69.   In de tweede plaats is het weliswaar theoretisch denkbaar dat er zich een reeks achtereenvolgende kortstondige economische situaties voordoet die een beperking – met een verschillend percentage – van het recht op aftrek van voorbelasting over motorvoertuigen noodzakelijk maakte, doch dit is in deze zaak niet gesteld.

70.   Er kan dan ook redelijkerwijs worden geconcludeerd dat – tenzij de belastingautoriteiten de verwijzende rechter van het tegendeel kunnen overtuigen – de betwiste maatregel niet van tijdelijke aard is, niet berust op tijdelijke, kortstondige of conjuncturele redenen en dus niet kan voldoen aan de materiële vereisten van een op artikel 17, lid 7, van de Zesde richtlijn gebaseerde rechtvaardiging.

71.   De verwijzende rechter wenst ook duidelijkheid te verkrijgen over de maximaal toegestane periode voor verlenging van een op basis van die bepaling gerechtvaardigde uitsluiting van aftrek.

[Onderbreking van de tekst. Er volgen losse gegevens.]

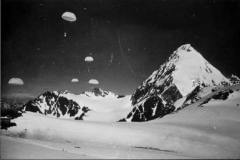 29_-vecchie-foto-para_lancio-sulla-vedretta-del-Cevedale-del-pl.-alp.-par.-OROBICA-18.07.60
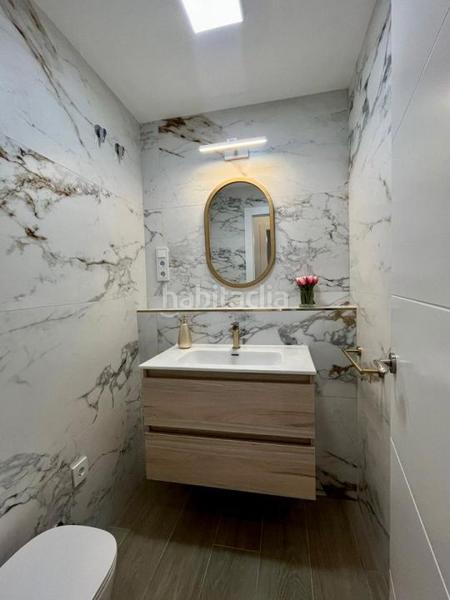 Foto cd469cd7-4886-48bc-b6dd-120ee59bbaed. Piso dlr 1754 hermoso piso de 2 dormitorios y 2 baños recientemente reformado a la venta zona zaidín en Granada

72.   Hoewel een periode van 20 of 25 jaar duidelijk te lang is, is het volgens mij niet verstandig (of mogelijk) om een specifieke tijdsduur voor te stellen. Het relevante criterium ligt besloten in de aard van de economische toestand die uitsluiting van het recht op aftrek van voorbelasting noodzakelijk maakt, en niet in een bepaalde duur van de toestand. (De uitsluiting zelf kan uiteraard niet worden gerechtvaardigd voor een langere periode dan de duur van de omstandigheden die haar noodzakelijk maakte).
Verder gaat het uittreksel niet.